Updated: June 02, 2020 10:22 PM
Created: June 02, 2020 08:29 PM
KSTP sat down for a one-on-one question and answer session with Professor Mark Osler of the University of St. Thomas. Osler is a former federal prosecutor whose areas of study are criminal law, clemency and sentencing guidelines among others.
Q: The Governor is calling for a civil rights investigation into the Minneapolis Police Department, what's your reaction?
Osler: Yeah I think it's a great development, because one thing that everyone who watches that video thinks is where did that come from? Where did an officer come to think this was acceptable behavior? And that leads us to the culture of the Minneapolis Police Department. So in terms of digging into that, this is a good development.
Q: Demonstrators have been asking for permanent change in the justice system. How is that going to happen?
Osler: Yeah it's a tough thing. I mean you know, there was a federal mediation agreement between the federal government and the Minneapolis Police Department back in 2003. And of course, we've had commissions and boards and studies since then and still we are where we are. I think that protestors are right in their frustration. And what is needed here is something that's gonna go beyond what we've had before. That looks at training and deeply at hiring and residency; you know where do these officers live in the community that they work? And they're gonna have to bust through some barriers to do that.

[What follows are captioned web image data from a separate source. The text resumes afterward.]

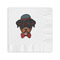 Hipster Dogs Coined Cocktail Napkin - Front View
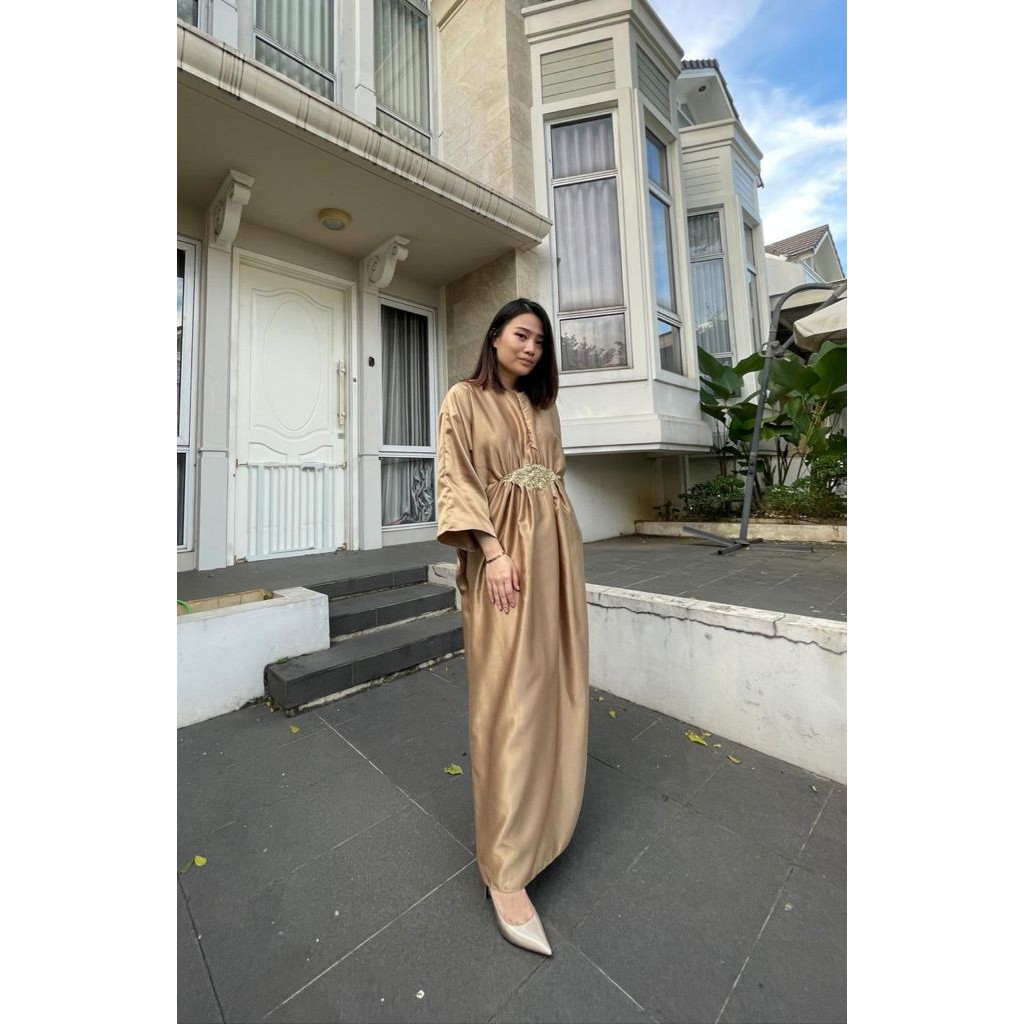 [VM] - Kaftan fashion satin polos modist  / kaftan muslim dewasa lebaran 084# Mydress_collection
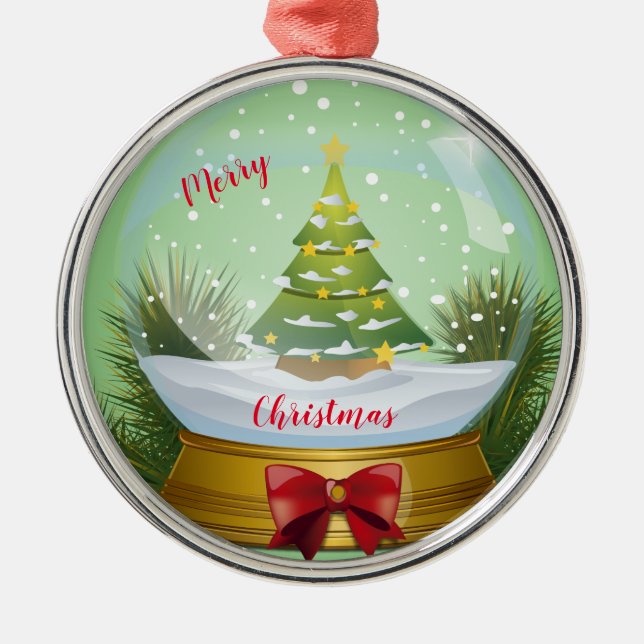 Merry Christmas Metal Tree Decoration (Front)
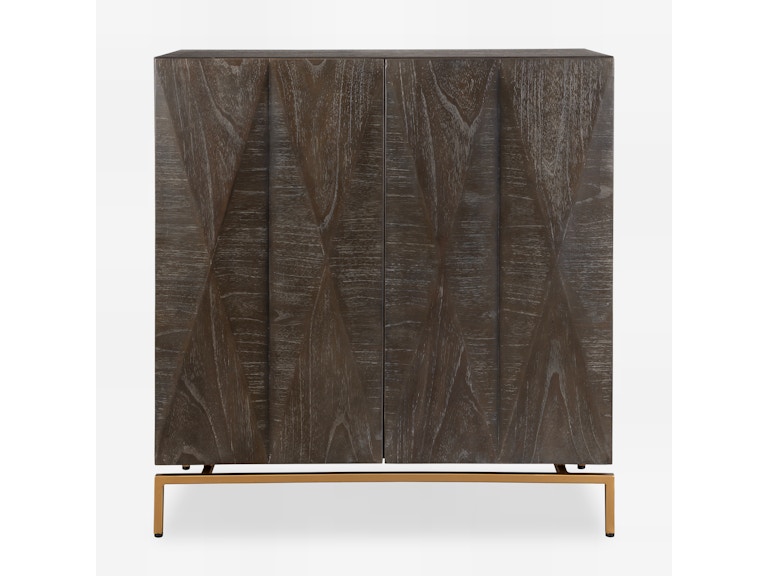 Uttermost Living Room Marico 2 Door Mindi Cabinet 24596 at Norwood Furniture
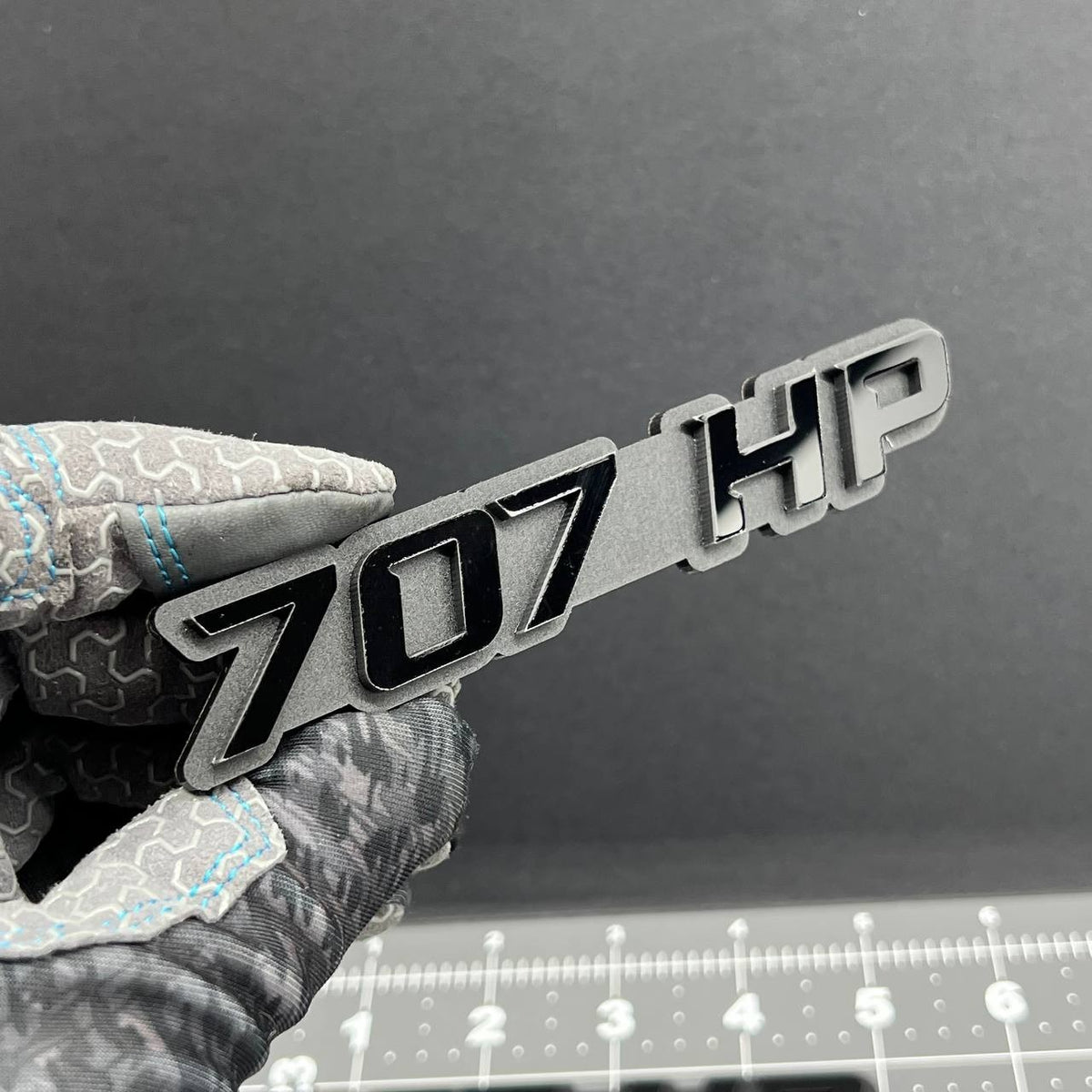 2PCS 707HP Emblems – 3D Acrylic Fender Engine Badge Pair for Car Truck SUV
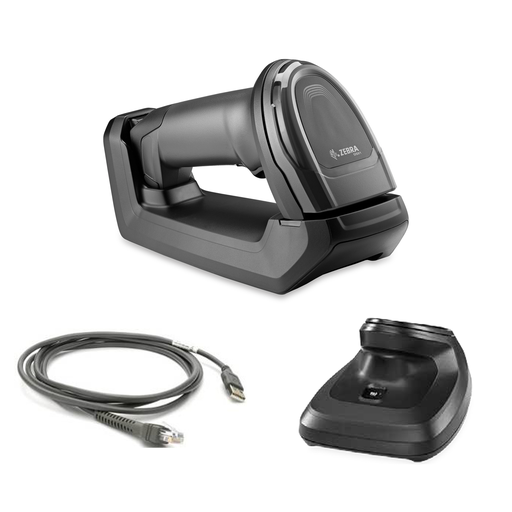 [DS8178-SR7U2100PFW] DS8178-SR BLACK FIPS PRESENTATION CRADLE USB KIT: DS8178-SR0F007ZZWW SCANNER, CBA-U21-S07ZBR SHIELDED USB CABLE, CR8178-PC100F4WW CRADLE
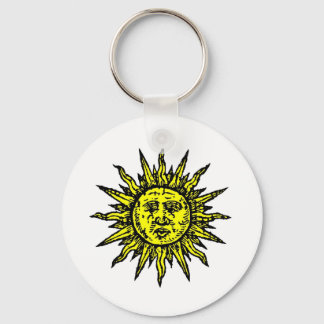 Symbol för gult Sol Nyckelring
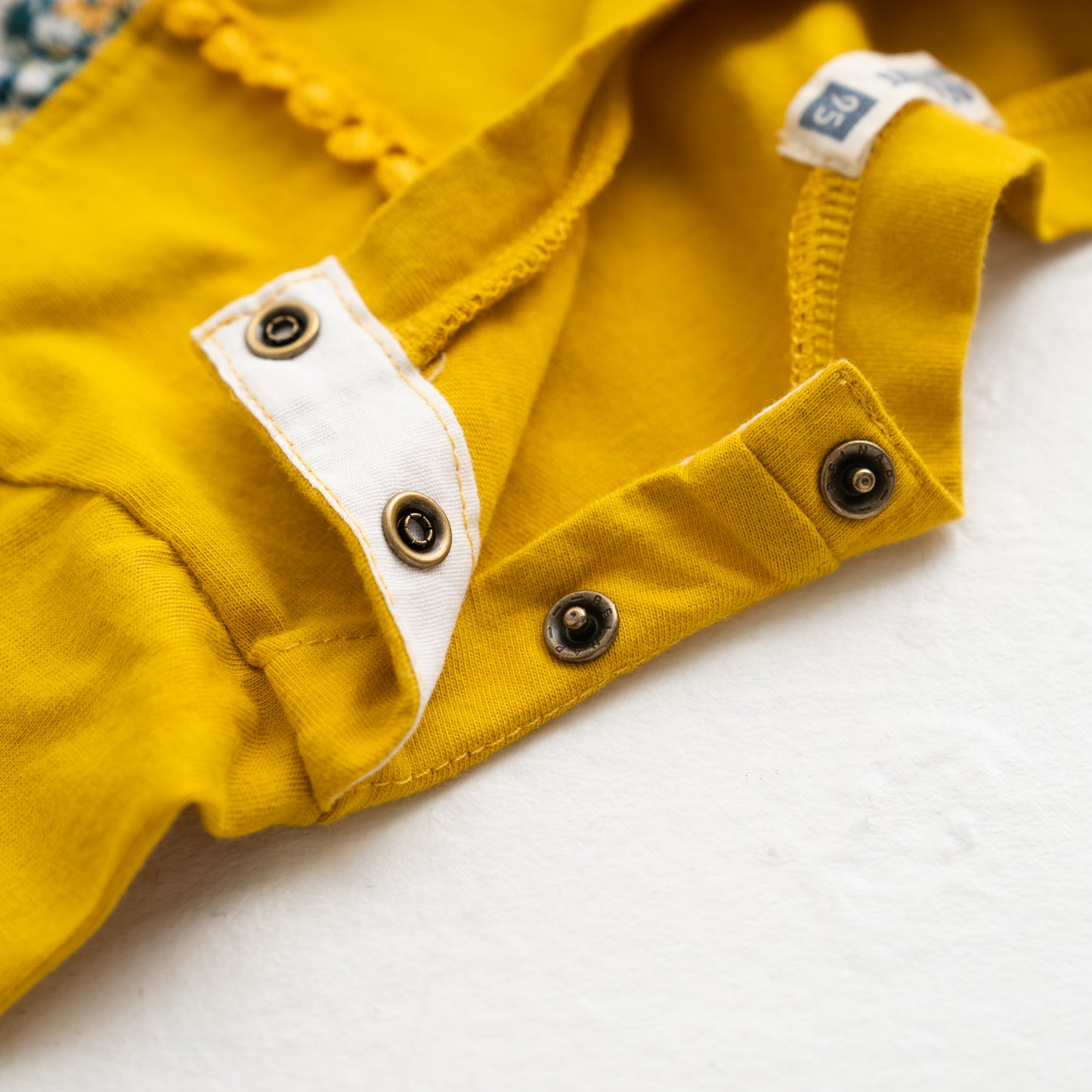 パッチワークチュニックTシャツ YELLOW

Q: How will state lawmakers be involved in this?
Osler: Well immediately they won't be. The Human Rights Department will investigate and they have the ability to subpoena documents. Once their report is put together, lawmakers and the public will get involved.
Q: How do we avoid this becoming a political dog and pony show and get real change?
Osler: Yeah, one of the big challenges, whenever you're talking about reform, is who is going to claim it? Who is going to oppose it? And we're in a highly politicized era. But it's important to note something that is unusual about this place in time. And that is across this country criminal law reform has become a bipartisan issue. There are opportunities to cut across lines even locally...some of that comes from the power of that video.
Q: Is what we've seen in the past eight days since we've seen that video part of creating change?
Osler: Of course it is! You know we can't ignore the context under which this investigation is happening. You can read the protests and the actions in a number of different ways. But one thing that's inescapable about what we've seen on the streets is that people care deeply about this, it is something that matters that is not going to go away. And it has to be addressed in a substantive way.
Q: How fast will a civil rights investigation move forward?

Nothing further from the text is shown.